Reindeer, Sea and River Sami were the traditional ways of life
Around 2,600 Sami people in Norway make their living from herding reindeer, and the majority of the region of Northern Norway is actually used for raising reindeer. Traditionally, most Sami people have supported themselves through fishing, livestock farming, and hunting, along the coast, on the fjords and alongside the large rivers farther inland. Today, a large proportion of the Sami people live outside the traditional Sami areas and have moved into the towns of Northern Norway or to the Oslo area. Even more, still live in traditional Sami settlement areas, but earn their living in the modern service sector, industry, travel and the public sector.
The Joik is a unique Sami attribute
Sami culture has many unique forms of expression. Joik, one of the oldest song traditions in Europe, is alive and well. A joik is dedicated to a person, an animal or a place, and the harmonies reproduce the qualities of the object of the song. If you would like to chat someone up, try “joiking” him/her – it has quite an effect!
The Sami are intricate designers of fashion and crafts
The “kofte”, traditional Sami clothing, is another unbroken, living tradition, but mostly used when dressing up for celebrations or parties. In contrast to what “the national costume police” may say, there is nothing wrong with going your own way, and the “kofte” follows fluctuations in fashion. Duoddji is the Sami word for “craft”, and many traditions of craftsmanship such as tin embroidery, pearl embroidery, weaving shoelaces, jacket seams, wood carving, and knife-making are assiduously maintained. Sami boots filled with blister sedge will keep your legs warmer than the latest developments in survival equipment and are used diligently when the temperature drops below -40.

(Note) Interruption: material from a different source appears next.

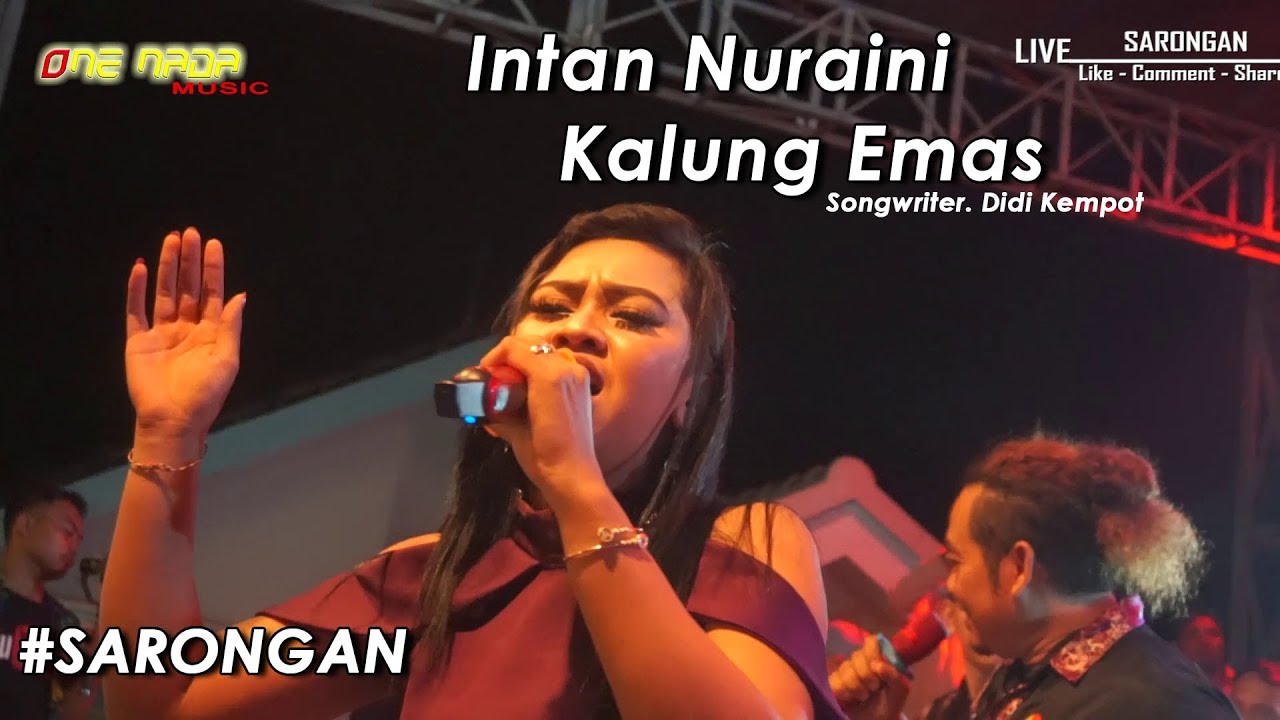 Intan Nuraini - Kalung Emas | ONE NADA Live Sarongan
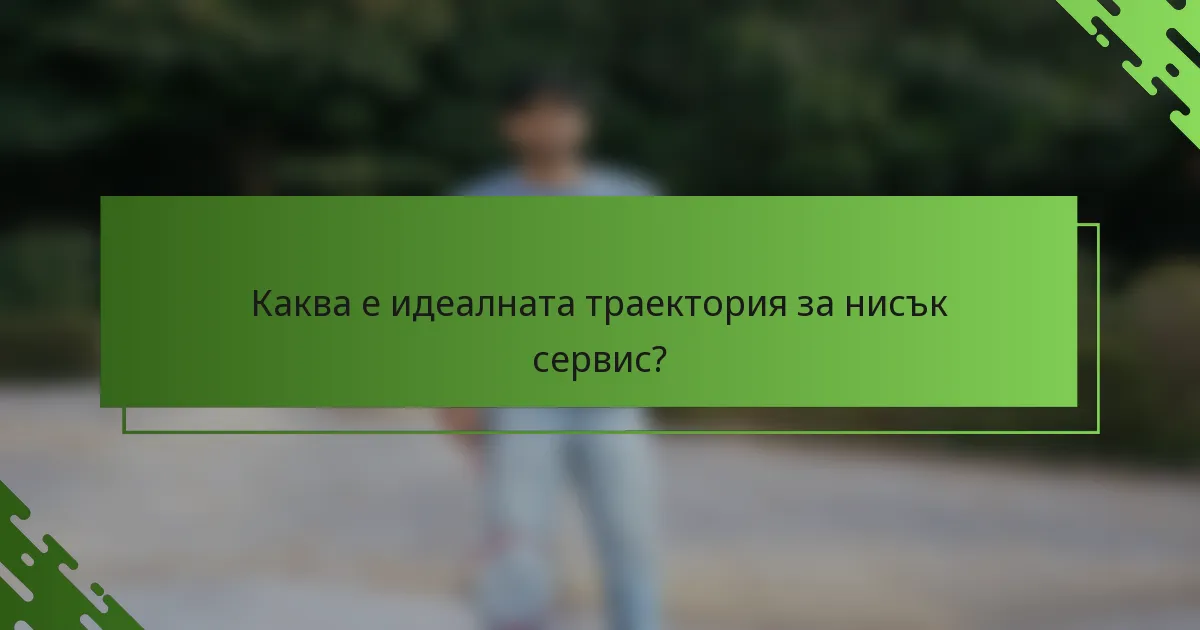 Каква е идеалната траектория за нисък сервис?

The 21st Century has brought in a new era for the Sami
In the twenty-first century, Sami culture is meeting the modern world in a new way. No Sami people live a completely traditional life today, and the everyday lives of many of these indigenous people appears very modern indeed. At the same time, however, interest in joik, duoddji and the language itself is increasing rapidly. Traditional joik is being blended with modern rhythms. The Sami National Theatre Beaivas, a rich production of literature, Sami media and broadcasting are all using the Sami language in new fora. This indicates that there is hope for the language and the culture.